The common thread among the alternate channels can be summed up in one word: specialization, according to a study on alternate channels, Facing the Forces of Change 2000, which was published by the National Association of Wholesaler-Distributors (NAW), Washington, D.C. The alternate channels against which traditional electrical distributors compete all specialize either in a product area - like lamps, telecom products, industrial controls, or motors; in customer segments - like utilities or home improvement; or in marketing techniques - such as catalog sellers.

The products that distributors sell. The main purpose of an electrical-distribution business is to make hundreds of products from various manufacturers available in one place. Those products from different manufacturers must go together to deliver the end result the customer wants, whether it be a well-lighted kitchen or a fully automated factory floor. The average electrical distributor stocks 245 product lines from 162 different manufacturers.

According to Electrical Wholesaling's 1998 Profile Study conducted by Intertec Publishing's research department, on 50% of the orders that distributors write, customers request products by generic item descriptions; about 49% of the time one or more brands is specified. A third of the time customers request a single brand.

Distributors also report that when customers request brands not stocked by the distributorship, 66% of the time they can convince the customer to accept a substitute brand. Two key reasons that distributors add new lines are to fill out gaps in existing product lines (43%) and to take advantage of situations when a current supplier is adding a line to its product offering (28%).

The Customers. Electrical distributors sell across a broad range of business and industry, government and to the public. Given the widespread use of electricity, that's no surprise.
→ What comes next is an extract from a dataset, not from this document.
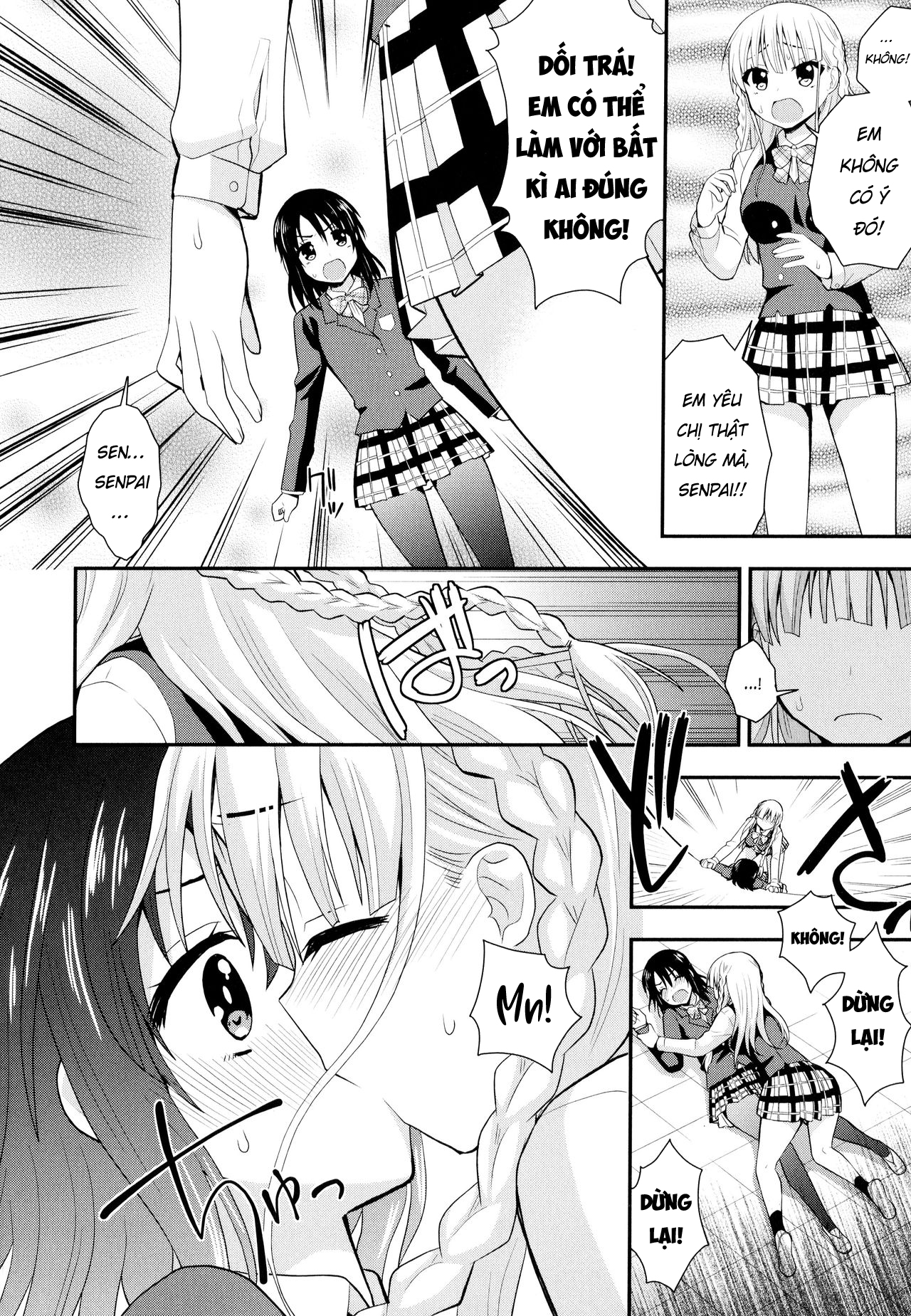 Đọc truyện hentai Rainbow Sensibility - Chap 3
The customers to whom the electrical distributor sells remain much the same as they were for the last quarter of the century, with some shift in emphasis. The electrical contractor remains the predominant customer, year in, year out. Industrial MRO and factory automation has grown in importance, while sales to the general public have scaled back.

The markets. Electrical distributors sell products for use across a broad cross section of U.S. business and industry. New construction - residential, commercial, industrial and nonbuilding types - represents a third of the market for electrical products. Industrial MRO accounts for close to 20% of their business; various industrial uses represent more than 45% of the market. Other uses range from utility products to export.

Although the ebb and flow of construction contracts and factory output affect their sales, electrical distributors as a whole find their fortunes more closely tied to the state of the economy than to any one segment. In the past, electrical distributors' sales tended to lag the economy up or down by about six months. This relationship may or may not hold in the new economic model now playing out.

Some electrical distributors make strategic decisions to change the markets they serve - for example, to go after industrial business to counterbalance weak construction markets or to add the utility market to take advantage of a perceived opportunity. Such moves rarely affect the market mix overall.

Sometimes distributors move in a direction en masse. In the 1990s many moved away from the small-contractor market for which they were hard-pressed to compete against the home centers, especially The Home Depot. Many added a "high-tech" aura to their businesses to differentiate themselves from their home center competition. This shift shows up as an increasing market mix percent in factory automation and various industrial-type business.

The market mix turns out to be heavily influenced by the market that's hot the year the survey goes out to electrical distributors. During the late '90s, construction was very strong. Commercial construction had revived, and distributors latched on in a big way.